Myths developed about those strange people over there in that department. New employees learned these folk tales without ever even having met any of those gorgons up on the tenth floor.

Then came the age of the flatter organization, where partnership is now the buzzword of the day. Although we sit at the same table and all speak the language of cooperation, these historical feuds, perceptions, and war stories keep us from engaging honestly with our counterparts.

If we truly see those other people as slow-witted or working against the best interests of the company, it makes sense that we would avoid engaging in open dialogue with them about pressing business problems.

Rewards and Punishments
It has often been said that what gets rewarded gets done. The counterpart, of course is, what gets punished gets avoided.

A few years ago I was working with an information systems department that wanted to improve its billing operations. Everyone seemed to agree that this was an important task. In order to make improvements, representatives from across this part of the organization would need to cooperate. People were assigned to the team and work began. Although most participants said they felt the project was major, and said they were glad that the company was finally doing something about the billing problem, no one made much of a commitment to the meetings. People sent substitutes or came late and left early.

When asked how on the one hand they could support this initiative and on the other try to get out of working on it, the participants replied that every minute spent in this meeting took them away from their "real work." Their bosses would only rate them on work done within their own unit – not on this project. Commitment to this project meant they ran the risk of lower ratings and bonuses.

Structure
In fact, all large organizations are hard wired to support the effective workings of discrete departments. Management structures, communications systems, performance reviews, sometimes even compensation systems are designed to facilitate work within departments.

We lack systems to link the boxes on the organizational chart. Working between departments in akin to entering a world where there are no rules.

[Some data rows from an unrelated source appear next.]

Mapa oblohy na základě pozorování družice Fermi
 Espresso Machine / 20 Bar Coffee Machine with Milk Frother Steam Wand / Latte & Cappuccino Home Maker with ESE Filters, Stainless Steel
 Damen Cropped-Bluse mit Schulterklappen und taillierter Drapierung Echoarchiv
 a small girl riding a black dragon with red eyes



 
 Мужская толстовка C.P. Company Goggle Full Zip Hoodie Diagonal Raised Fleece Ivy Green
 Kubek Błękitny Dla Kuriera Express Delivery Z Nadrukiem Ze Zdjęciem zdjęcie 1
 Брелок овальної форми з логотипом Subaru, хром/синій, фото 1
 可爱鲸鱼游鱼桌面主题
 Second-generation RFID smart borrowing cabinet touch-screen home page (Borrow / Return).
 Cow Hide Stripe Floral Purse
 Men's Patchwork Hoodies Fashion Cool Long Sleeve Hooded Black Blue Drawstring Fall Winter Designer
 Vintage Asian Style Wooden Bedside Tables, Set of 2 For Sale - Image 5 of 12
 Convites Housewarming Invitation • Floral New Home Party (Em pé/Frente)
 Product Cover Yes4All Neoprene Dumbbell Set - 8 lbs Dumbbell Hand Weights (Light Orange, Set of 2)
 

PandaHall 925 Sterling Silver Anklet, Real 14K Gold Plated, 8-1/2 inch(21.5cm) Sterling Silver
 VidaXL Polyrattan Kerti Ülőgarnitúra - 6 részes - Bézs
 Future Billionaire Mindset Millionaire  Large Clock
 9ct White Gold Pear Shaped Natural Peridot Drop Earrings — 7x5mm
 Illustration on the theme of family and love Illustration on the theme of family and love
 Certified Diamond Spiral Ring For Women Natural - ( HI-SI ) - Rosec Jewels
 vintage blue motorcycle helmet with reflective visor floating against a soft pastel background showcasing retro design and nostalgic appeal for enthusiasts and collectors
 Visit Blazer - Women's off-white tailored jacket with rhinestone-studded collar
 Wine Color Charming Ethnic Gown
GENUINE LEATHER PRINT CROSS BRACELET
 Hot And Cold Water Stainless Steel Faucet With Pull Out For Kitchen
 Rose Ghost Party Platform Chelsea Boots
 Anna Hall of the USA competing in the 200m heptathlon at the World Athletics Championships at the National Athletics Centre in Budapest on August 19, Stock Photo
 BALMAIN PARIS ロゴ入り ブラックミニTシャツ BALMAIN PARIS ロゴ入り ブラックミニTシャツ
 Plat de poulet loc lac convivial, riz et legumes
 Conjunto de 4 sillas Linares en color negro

When we attempt to link up with our colleagues in another department nothing in the organizational structure supports these meetings.

How to Begin
If it is hard to build traditional teams within departments (and it is), it is exponentially more difficult to create cross-functional teams for all the reasons mentioned above. In my experience, these teams don't build themselves. They need help.

The Work of the Sponsor
Most important, those sponsoring this team need to do some important and sometimes challenging work well before this cross-functional team ever meets. The sponsor(s) must:

Create a Single Overarching Mission Statement
This statement must explain why the team is being assembled and what it is expected to accomplish. For example, "the purpose of this team is to create a unified billing process that facilitates rapid and accurate billing reports." Just as important, by implication, the mission statement must suggest what the team will not tackle. For example, "the purpose of the TQM Steering Committee is to oversee the quality improvement process and select recommendations to implement. The Steering Committee's work will be limited to those quality improvement suggestions that can be controlled within this facility. Quality improvement ideas that require cooperation of other plants or facilities will be referred to senior management."

Teams Are Empowered to Act
The sponsor(s) must delegate authority to these teams. If a team's job is to recommend new order tracking software, they must be assured that if they do solid work their ideas will be implemented.

People Are Rewarded for Participating In These Teams
However the organization handles compensation, it must find ways to reward people for their work on these teams. Hearty handshakes aren't sufficient.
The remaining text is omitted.